- [Task to complete]: Your answer must be an exact copy of the records, minus any pictures.

(Stored entries)

◆ ◆ ◆

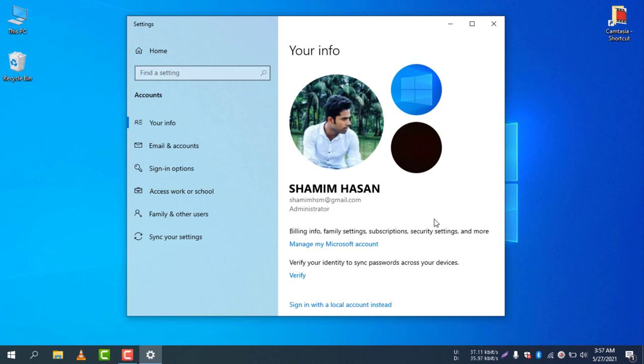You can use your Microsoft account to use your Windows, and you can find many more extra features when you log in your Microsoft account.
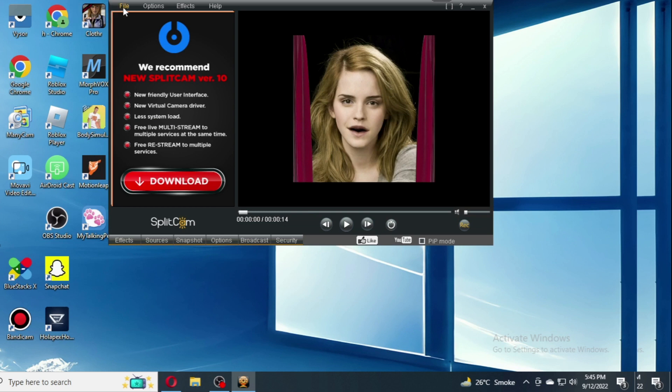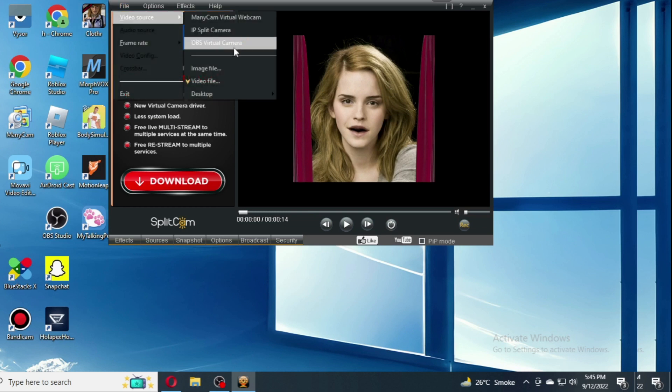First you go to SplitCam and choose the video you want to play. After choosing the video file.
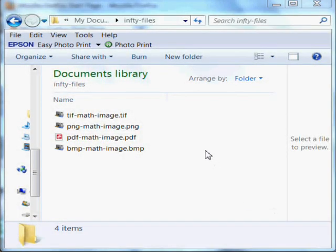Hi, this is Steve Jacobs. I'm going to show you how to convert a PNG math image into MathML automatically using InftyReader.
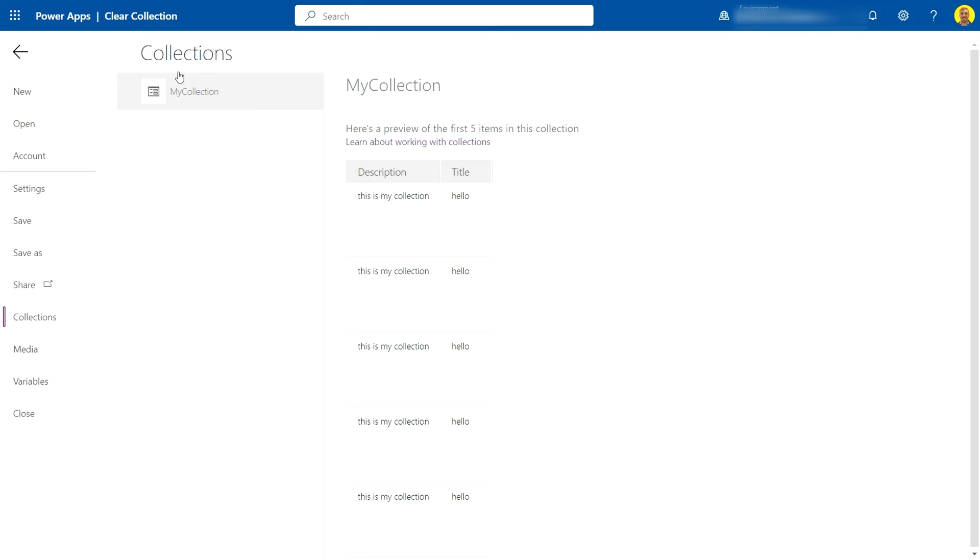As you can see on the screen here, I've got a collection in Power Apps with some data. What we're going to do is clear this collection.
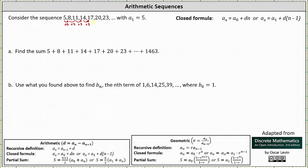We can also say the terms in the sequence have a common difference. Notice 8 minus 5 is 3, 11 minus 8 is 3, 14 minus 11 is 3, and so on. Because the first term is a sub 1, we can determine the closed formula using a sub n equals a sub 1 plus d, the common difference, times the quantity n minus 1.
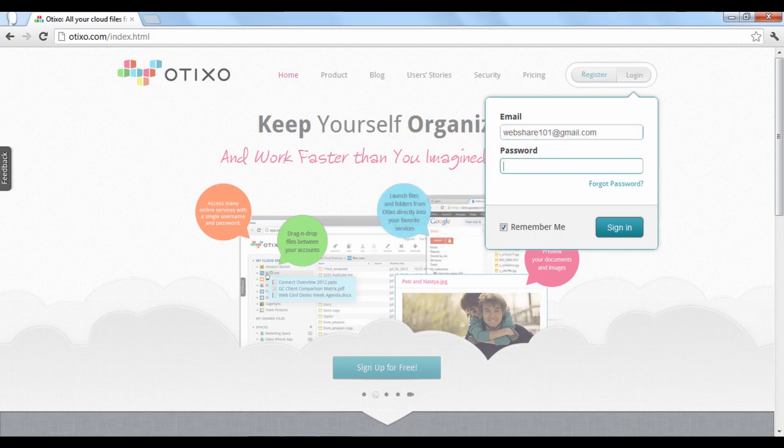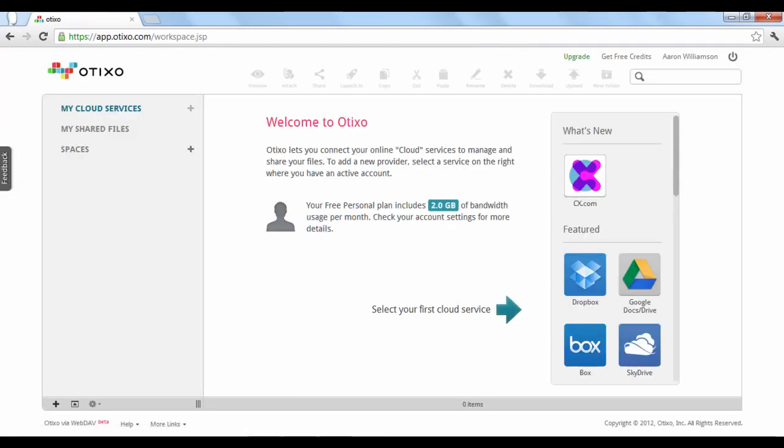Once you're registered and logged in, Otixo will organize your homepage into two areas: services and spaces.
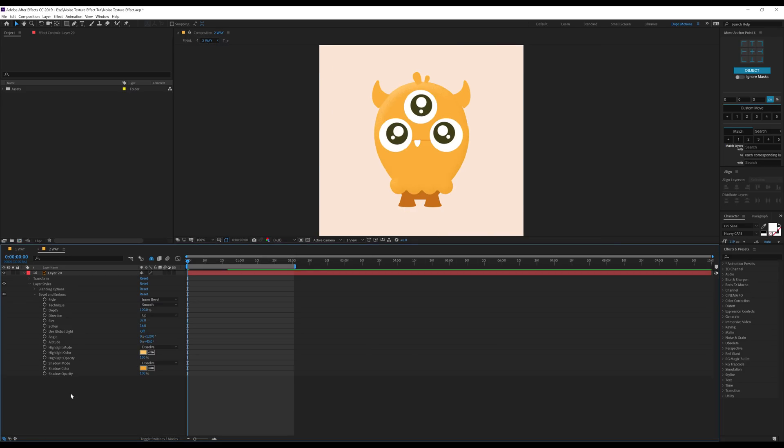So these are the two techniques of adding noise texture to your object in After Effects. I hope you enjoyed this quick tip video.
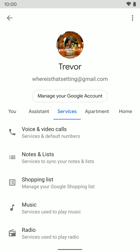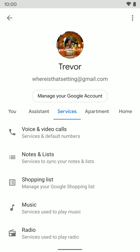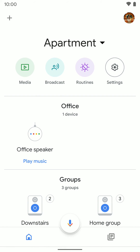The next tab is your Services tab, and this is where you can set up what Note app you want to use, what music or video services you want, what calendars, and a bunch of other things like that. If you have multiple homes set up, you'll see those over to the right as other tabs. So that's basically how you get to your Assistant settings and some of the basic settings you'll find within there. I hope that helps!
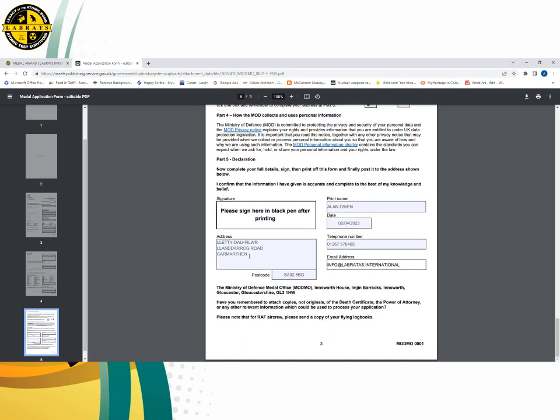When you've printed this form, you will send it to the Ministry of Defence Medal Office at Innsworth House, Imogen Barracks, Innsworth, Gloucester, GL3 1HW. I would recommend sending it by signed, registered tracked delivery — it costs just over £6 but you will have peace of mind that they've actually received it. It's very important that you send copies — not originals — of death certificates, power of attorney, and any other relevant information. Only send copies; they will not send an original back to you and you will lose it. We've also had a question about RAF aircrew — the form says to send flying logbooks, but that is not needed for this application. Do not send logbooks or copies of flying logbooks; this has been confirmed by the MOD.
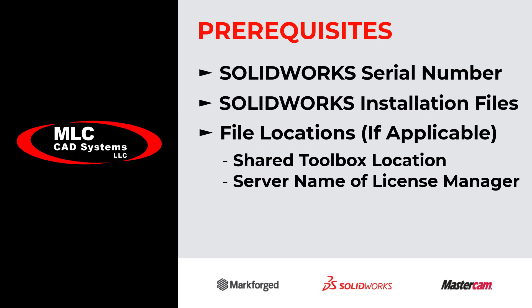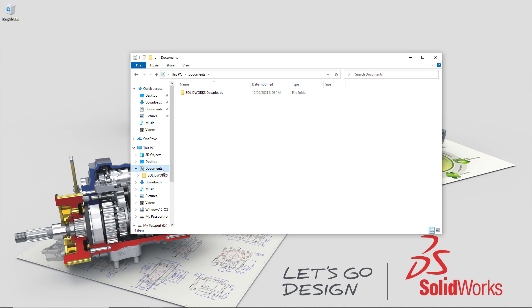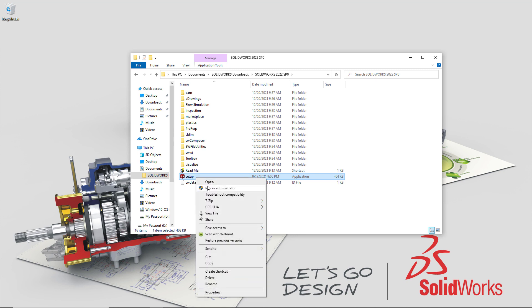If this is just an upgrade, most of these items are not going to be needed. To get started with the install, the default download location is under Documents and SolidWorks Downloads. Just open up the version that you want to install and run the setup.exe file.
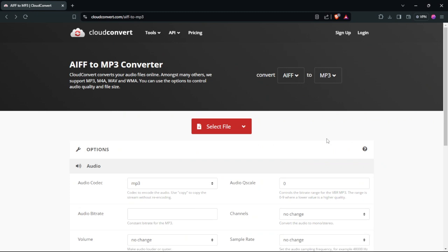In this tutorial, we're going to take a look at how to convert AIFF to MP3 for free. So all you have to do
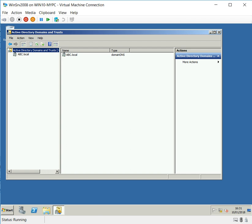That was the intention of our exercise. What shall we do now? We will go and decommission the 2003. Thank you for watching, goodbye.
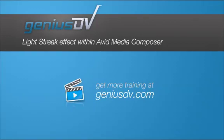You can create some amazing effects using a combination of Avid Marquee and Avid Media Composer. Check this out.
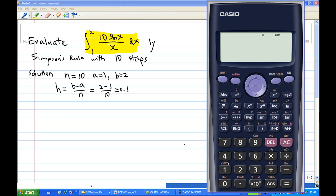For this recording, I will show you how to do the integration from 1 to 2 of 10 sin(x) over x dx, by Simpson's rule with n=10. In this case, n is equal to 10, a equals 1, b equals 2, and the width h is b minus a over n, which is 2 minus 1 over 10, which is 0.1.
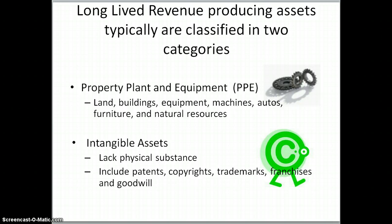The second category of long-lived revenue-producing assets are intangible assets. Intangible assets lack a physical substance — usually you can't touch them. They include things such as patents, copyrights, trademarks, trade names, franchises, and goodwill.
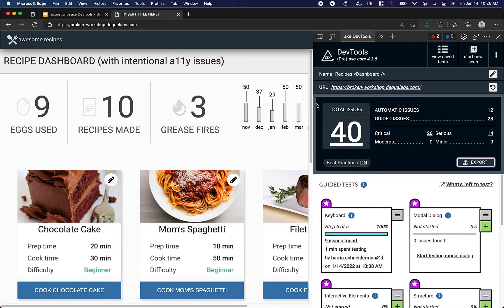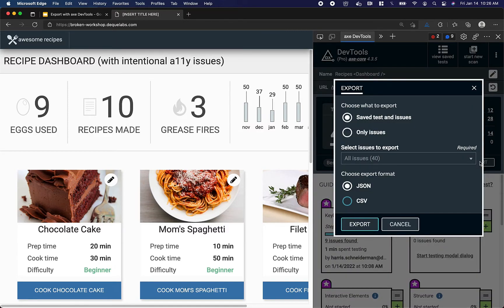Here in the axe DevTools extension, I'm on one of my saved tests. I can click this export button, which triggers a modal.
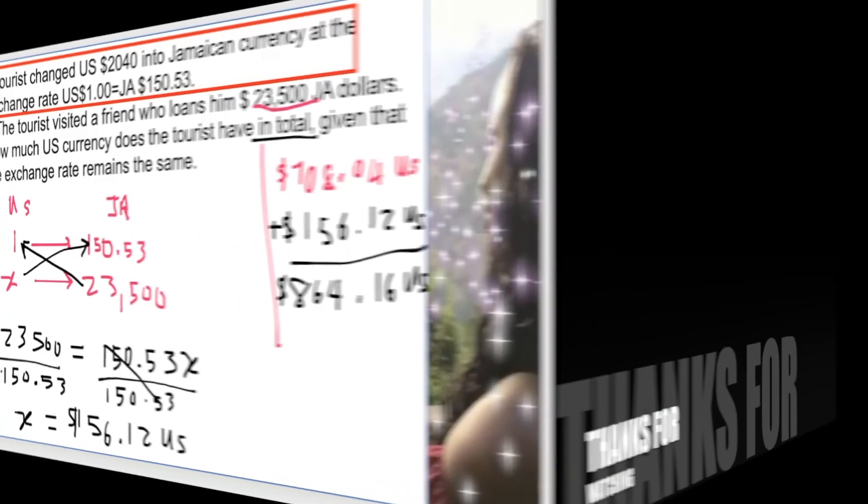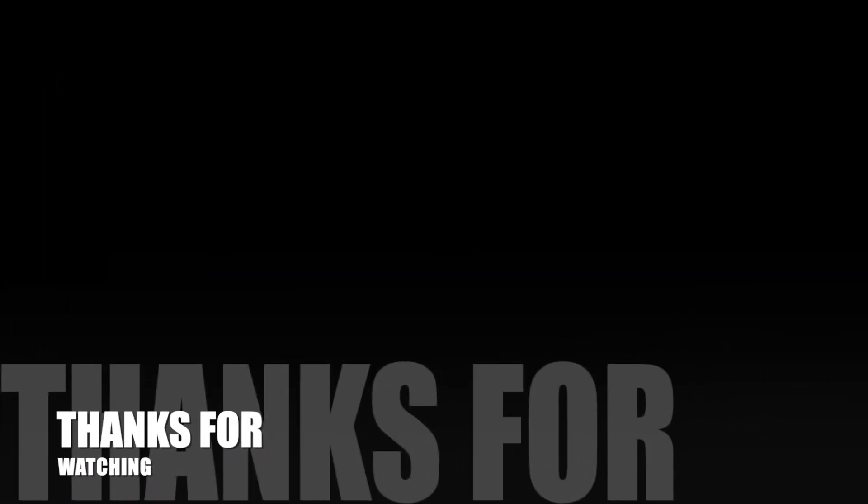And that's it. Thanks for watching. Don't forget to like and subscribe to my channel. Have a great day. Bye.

◆ ◆ ◆

- [Solution for this problem]:
You can use your Microsoft account to use your Windows, and you can find many more extra features when you log in your Microsoft account.
First you go to SplitCam and choose the video you want to play. After choosing the video file.
Hi, this is Steve Jacobs. I'm going to show you how to convert a PNG math image into MathML automatically using InftyReader.
As you can see on the screen here, I've got a collection in Power Apps with some data. What we're going to do is clear this collection.
We can also say the terms in the sequence have a common difference. Notice 8 minus 5 is 3, 11 minus 8 is 3, 14 minus 11 is 3, and so on. Because the first term is a sub 1, we can determine the closed formula using a sub n equals a sub 1 plus d, the common difference, times the quantity n minus 1.
Once you're registered and logged in, Otixo will organize your homepage into two areas: services and spaces.
So these are the two techniques of adding noise texture to your object in After Effects. I hope you enjoyed this quick tip video.
The next tab is your Services tab, and this is where you can set up what Note app you want to use, what music or video services you want, what calendars, and a bunch of other things like that. If you have multiple homes set up, you'll see those over to the right as other tabs. So that's basically how you get to your Assistant settings and some of the basic settings you'll find within there. I hope that helps!
When you've printed this form, you will send it to the Ministry of Defence Medal Office at Innsworth House, Imogen Barracks, Innsworth, Gloucester, GL3 1HW. I would recommend sending it by signed, registered tracked delivery — it costs just over £6 but you will have peace of mind that they've actually received it. It's very important that you send copies — not originals — of death certificates, power of attorney, and any other relevant information. Only send copies; they will not send an original back to you and you will lose it. We've also had a question about RAF aircrew — the form says to send flying logbooks, but that is not needed for this application. Do not send logbooks or copies of flying logbooks; this has been confirmed by the MOD.
If this is just an upgrade, most of these items are not going to be needed. To get started with the install, the default download location is under Documents and SolidWorks Downloads. Just open up the version that you want to install and run the setup.exe file.
In this tutorial, we're going to take a look at how to convert AIFF to MP3 for free. So all you have to do
That was the intention of our exercise. What shall we do now? We will go and decommission the 2003. Thank you for watching, goodbye.
You can create some amazing effects using a combination of Avid Marquee and Avid Media Composer. Check this out.
For this recording, I will show you how to do the integration from 1 to 2 of 10 sin(x) over x dx, by Simpson's rule with n=10. In this case, n is equal to 10, a equals 1, b equals 2, and the width h is b minus a over n, which is 2 minus 1 over 10, which is 0.1.
The second category of long-lived revenue-producing assets are intangible assets. Intangible assets lack a physical substance — usually you can't touch them. They include things such as patents, copyrights, trademarks, trade names, franchises, and goodwill.
Here in the axe DevTools extension, I'm on one of my saved tests. I can click this export button, which triggers a modal.
And that's it. Thanks for watching. Don't forget to like and subscribe to my channel. Have a great day. Bye.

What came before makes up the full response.